Thursday, July 18, 2019

Dark Sun Terrain: Mountains

Himalayan Mountains, Asia
Mountain ranges consist of a series of mountains in a line and connected by high ground. There are numerous mountain ranges in the Tablelands, including the Black Spine Mountains, the Mekillot Mountains, the Windbreak Mountains, and the Ringing Mountains. These mountain ranges are made up of various types of rock and stone. While they can be very different, they are also very similar. All mountains are large landforms that rise above the surrounding area. These usually form peaks or small plateaus.
The Ringing mountains are the largest peaks in the Tablelands and the only ones capped in snow. They are made up of granite, diorite, monazite, shale, and limestone. High quality garnets are mined in the Ringing Mountains. From a distance of a hundred miles, the Ringing Mountains look like a ridge of reddish clouds hugging the horizon. As you move closer, their soft edges gradually grow sharper and more distinct. Within five miles of the mountains, the range takes on the appearance of a great wall.
The Windswept Mountains are made up of sandstone, shale, and limestone. They mark the northwestern base of the Ivory Triangle region. This high mountain range juts abruptly from the sandy wastes at the edge of the Tablelands on its northwestern side. These mountains are called the Windbreak Mountains because they protect the Gulg and Nibenay region from the prevailing west winds blowing off the Tablelands.
The Black Spine and Mekillot Mountains are made up of granite, gneiss, mudstone, and limestone. The Mekillot Mountains are an old, low-lying range in the center of the Great Ivory Plain. They're shaped like the backs of giant mekillots. The Black Spine Mountains are east of the Windbreak Mountains. They look like a huge gith, with a granite spine. Both of these mountain ranges get little rain.
There are other mountain ranges in the Tablelands as well, such as the Smoking Crown Mountains, the Kregill Mountains, and the mountain range near South Ledopolous. These mountain ranges are likely similar to the dry Black Spine and Mekillot Mountain ranges in composition, flora, and fauna.
Olympus Mons, Mars
The Ringing and Windbreak Mountains get a lot of rain compared to the other mountain ranges in the Tablelands, at least on their forested sides, which alters the animals that are present. The animals that I'll be discussing live the barren areas of those mountains, as well as other mountain ranges. The creatures that call the mountains home have to be hardy and tough to live in such barren terrain.
From simple Lirrs to savage B'rohgs, the mountains offer dwellings for creatures of all sizes. The footing is often treacherous and pathways small, so it's not too common to see huge creatures here. Flying creatures do not suffer such difficulty, so flying creatures of all sizes lair in the mountains. Flora is generally uncommon, but the plants that do grow are covered in thorns.
Traveling in the mountains is tedious and dangerous. A traveler usually has to forego mounts and wagons because the footing is treacherous. In addition, a traveler will usually have to climb over boulders and other dead ends at some point. To complicate things further, paths twist and turn, so traveling in a straight line is impossible. Other hazards include loose rock below that cause travelers to slip and loose rocks from above that may fall on travelers. In the Ringing and Windbreak Mountains, there is also the danger of altitude sickness.

Windswept Mountains, Iran
Food and water may be easy to find, but not easy to get to. Seeing an oasis three hundred feet down a sheer cliff isn't much help. Meat is the most common food source available, as plants are tough and burred. Water may be found in cracks and crevices and are hopefully accessible to the traveler. On the bright side, is that water is less likely to evaporate quickly in higher altitudes.
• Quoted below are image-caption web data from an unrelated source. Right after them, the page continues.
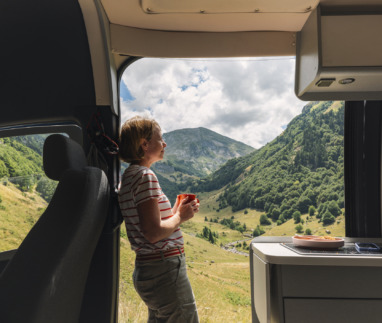 Een volwassen vrouw geniet vanuit haar camper van het uitzicht op de vallei in de Franse Pyreneeën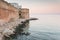 Overview of the old city walls in the historic center of Monopoli in Puglia Apulia - southern Italy - View of the ancient beach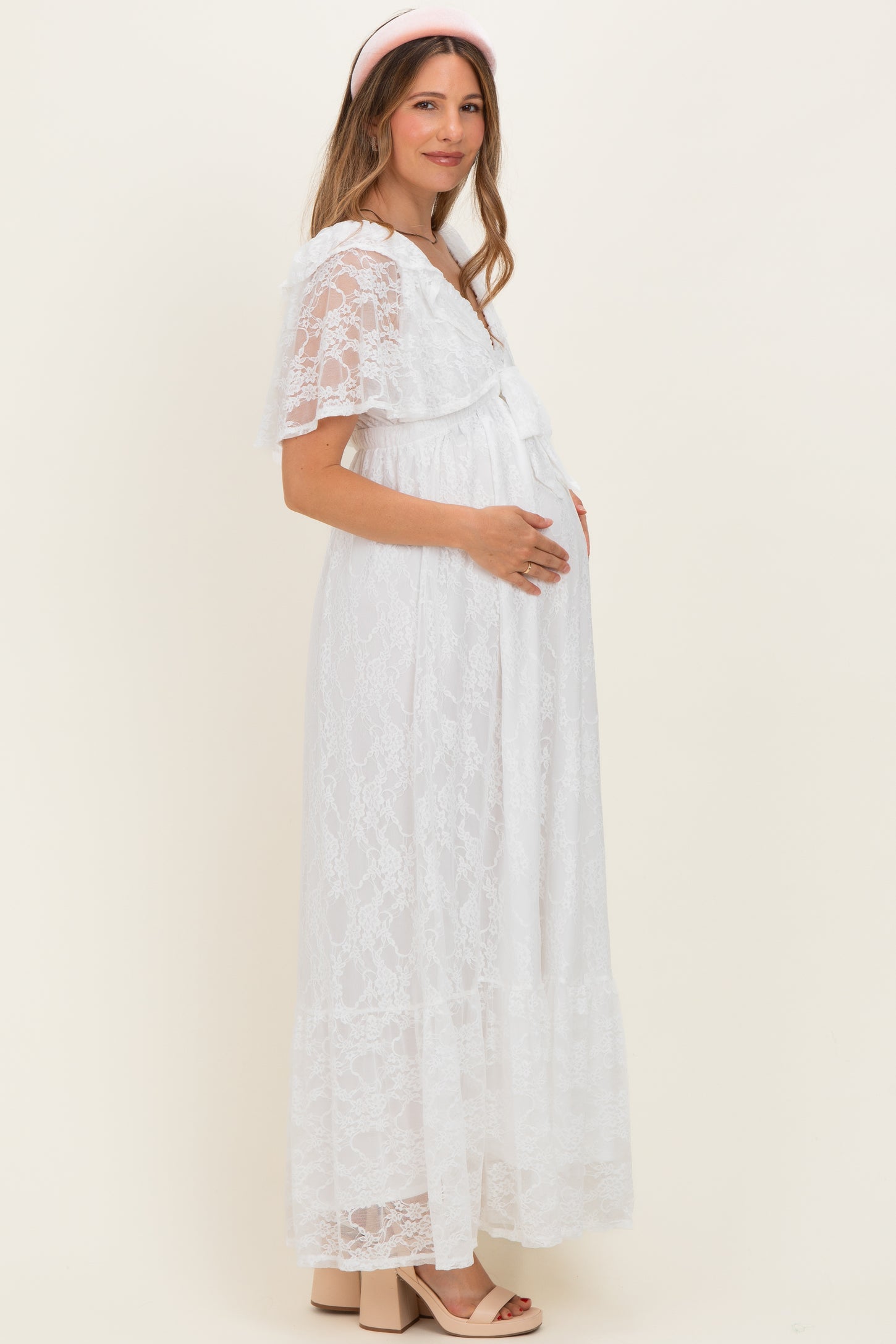 woman wearing a white lace maternity maxi dress and holding her baby bump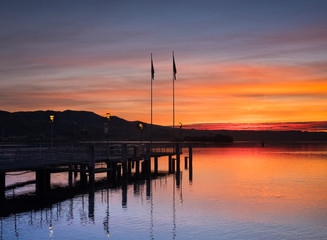 Fototapeta na wymiar Sunset over the shores of the upper Zurich Lake, Rapperswil, Sankt Gallen, Switzerland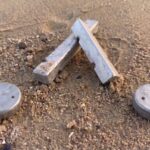 How to Rig Shrimp and Crab Pot Weights for Pacific Northwest Currents Shrimp and crab pot weights on a beach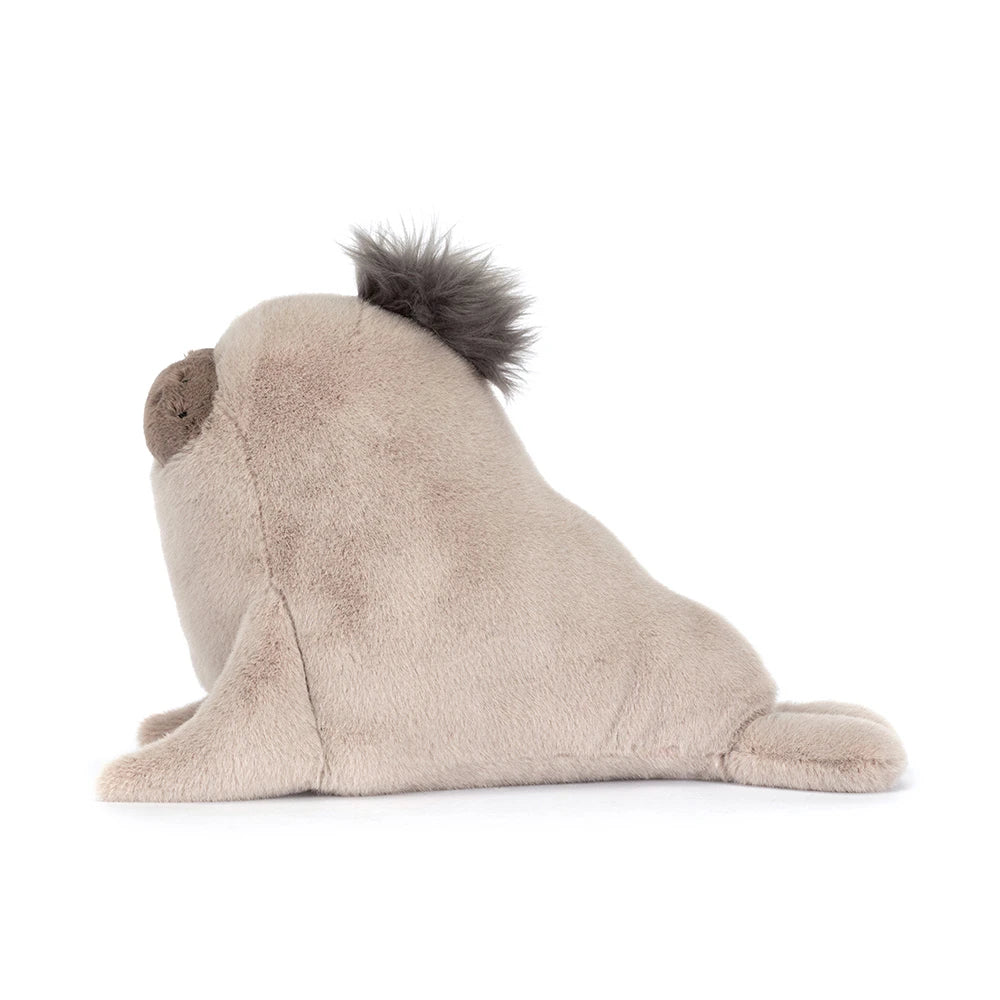 Soft and cuddly Roarwell Sea Lion plush toy in neutral tones, featuring a tuft of dark fur on its head, perfect for a child's stuffed animal collection.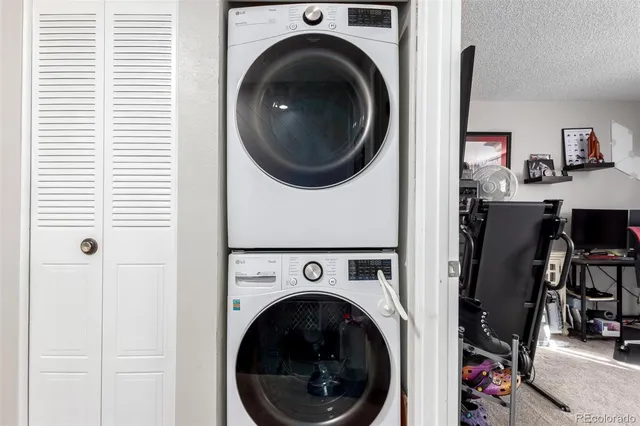 a view of a hallway with washer and dryer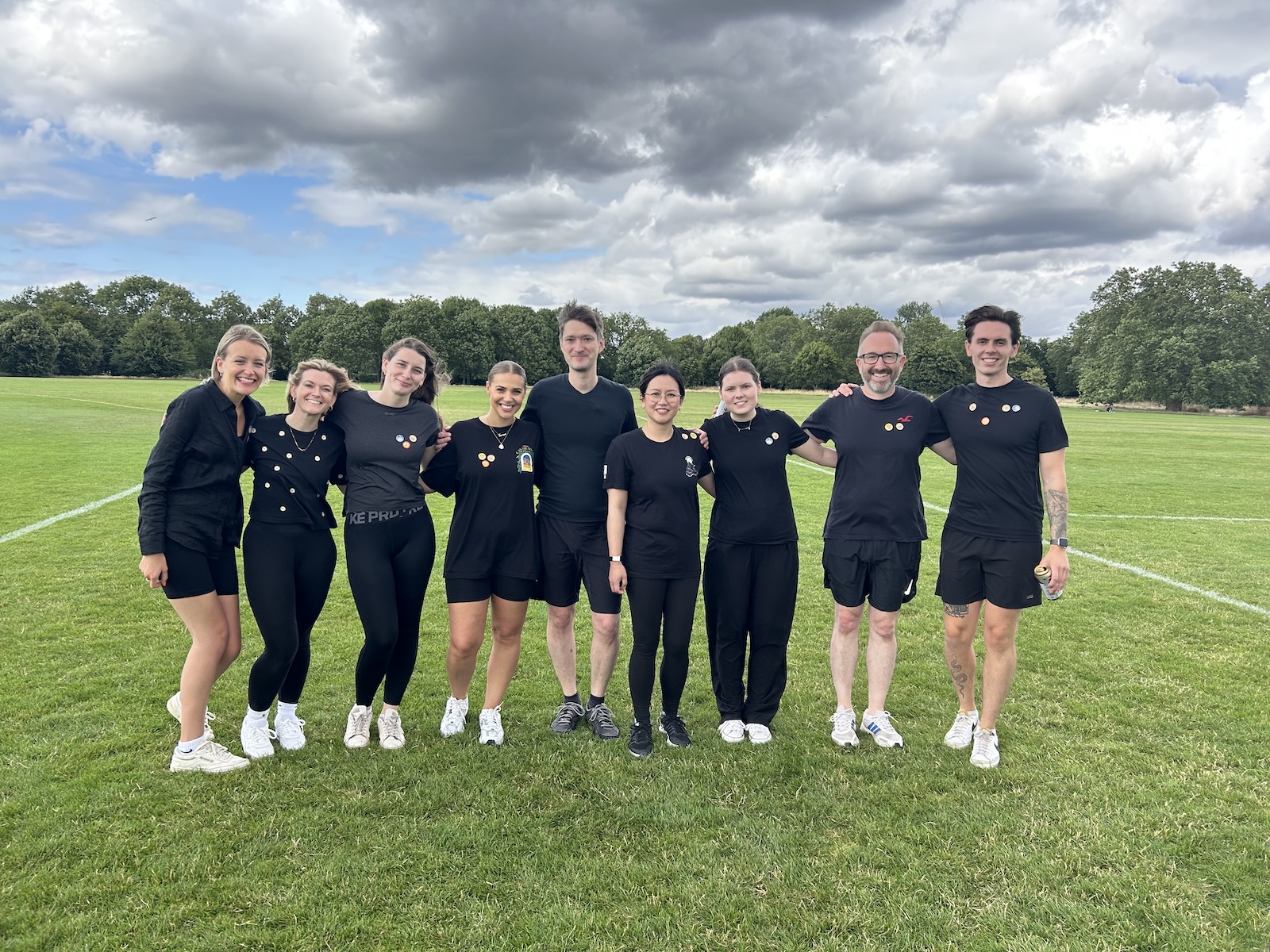 Group of people in black shirts and shorts on a field.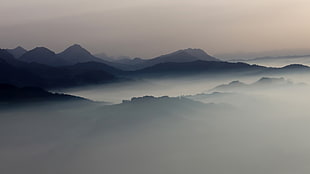 black mountains surrounded by white fogs, landscape, mist, mountains, sunrise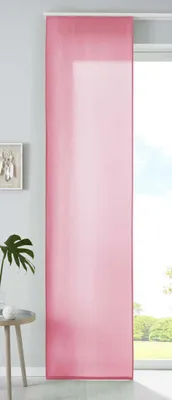 A pink sliding curtain hangs in front of a window, with a small table and plant to the left.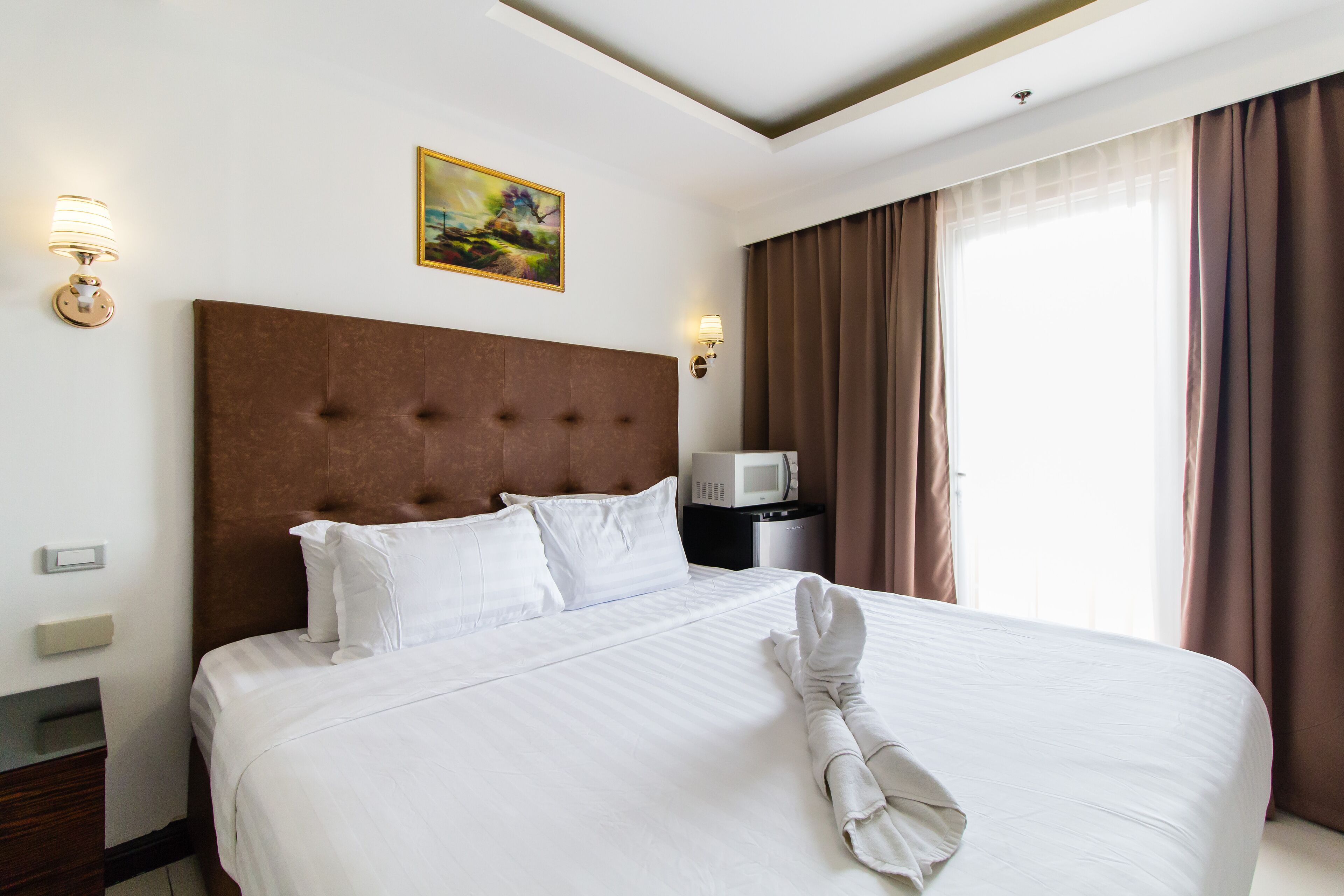 A neatly made bed with white linens and a folded towel, a brown upholstered headboard, a wall-mounted light, a painting, and a window with curtains.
Official Rules: Characters traveling over mountains move at 1/6 of their movement rate.

House Rules: Every 1d8 hours of travel in the mountains requires a climbing check to bypass a barrier. Failure means the characters have been injured for 2d6 points of damage, or whatever the DM decides is appropriate. Player characters may avoid this check by lowering their move rate to 1/10 of their movement rate, minimum 1.

Special note about the Klar. The Klar in Terrors Beyond Tyr is listed as living in the Mekillot Mountains, however is it also listed in the Encounter Tables in the Mountain category. I believe that Klars live in all mountain ranges, but are more common in the Mekillot Mountains. So, in the Mekillot Mountains, treat Klars are uncommon rather than rare.